The other site standing at 6739m tall, is the summit of Llullaillaco is not only the highest Inca burial but also archaeological site in the world.
To us the very thought of abandoning our children as some form of offering to the gods is barbaric, however some of the early conquistadors offered up some explanations as to why. Juan de Betanoz suggested in 1551 that,
“These children would be collected from all over the land and would be carried in litters together … They should be very well dressed, paired up female and male.”
Bernabe Cobo in 1653 added that human nature would prevent anyone from killing their own children unless they expected some form of reward for what they were doing. Only in truly believing that they were sending their children to a better place and for the benefit of all would people give up their children.
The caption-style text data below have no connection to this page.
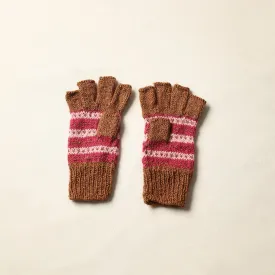 Kumaun Hand Knitted Woolen Gloves (Adult) 04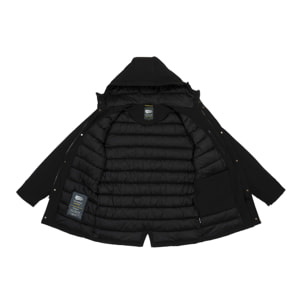 Parka ATITLAN imbottito impermeabile Nero
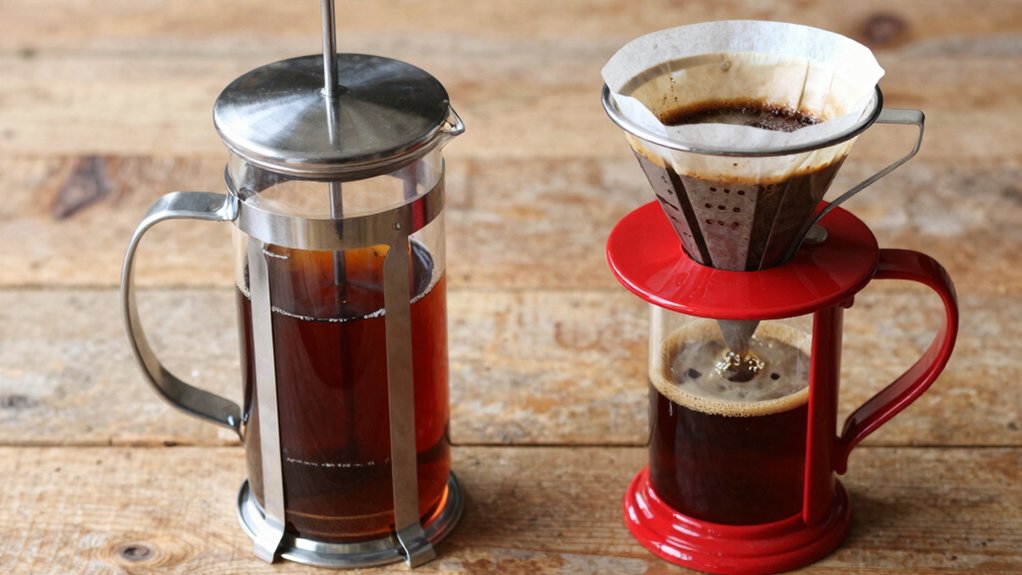 flavor differences between brewing methods highlighted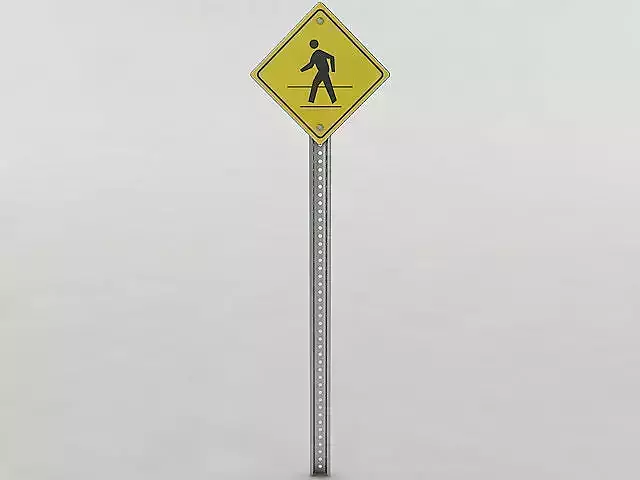 Pedestrian Crossing Sign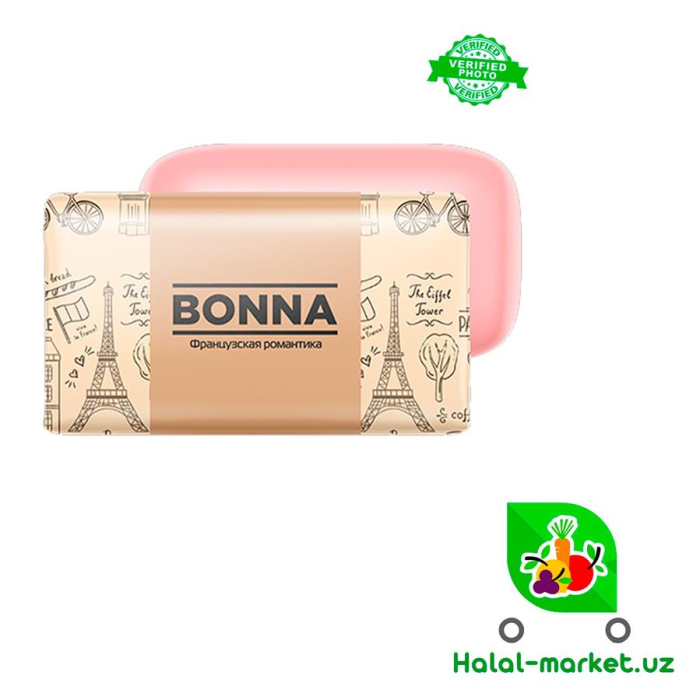 Мыло BONNA 140гр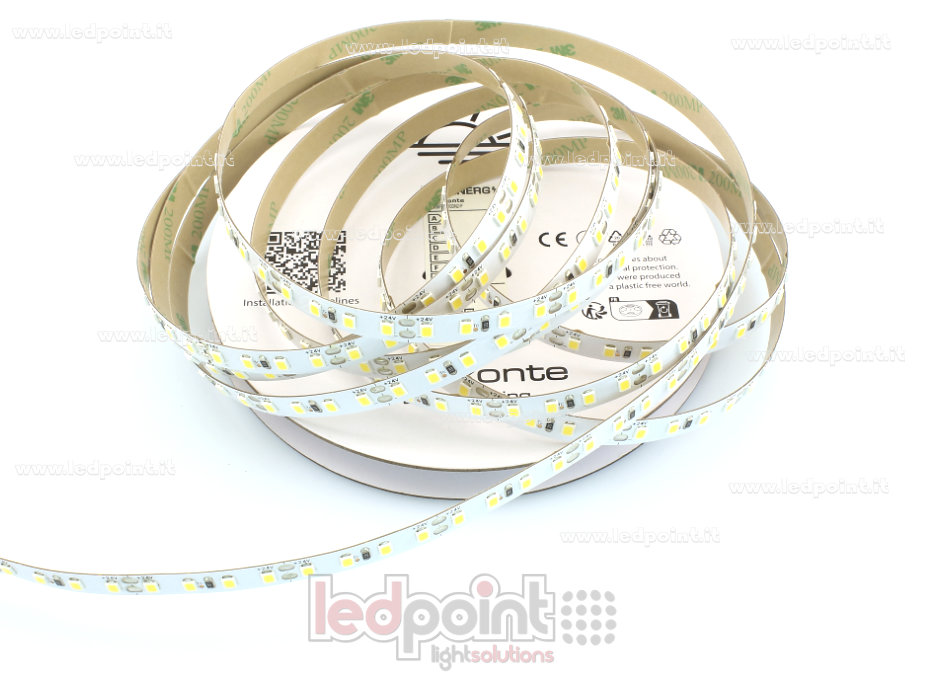 Ruban led 2835 24V IP20 3000K 3step 120led/m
To understand why there was a perceived benefit and ultimately why they climbed the mountain you have to understand the physical geography of the area and the people themselves. The Inca were a great civilisation, similar to the Romans in that they had a central state that taxed people in various ways, but as a response could help out if a disaster or famine occurred in one part of the great nation or say some external force invaded a small part of the state. They were pretty successful at managing their people, however their one constant enemy was nature.
For their empire on the western coast of the pacific, atop the Nazca plate which is slowly colliding with the South American resulting in one of the most active plate convergences in the world. On what we now call the ring of fire due to the number of active volcanoes and earthquakes that hit the area. If these geological disaster were not enough, then every 7 years they had to face the climatic pattern of El Ninos and Las Ninas which would often result in heavy flooding or drought.
To give an idea of what these people face there is an account given by Whymper of an eruption that befell Cotopaxi in Ecuador a few year prior to his travels in 1877.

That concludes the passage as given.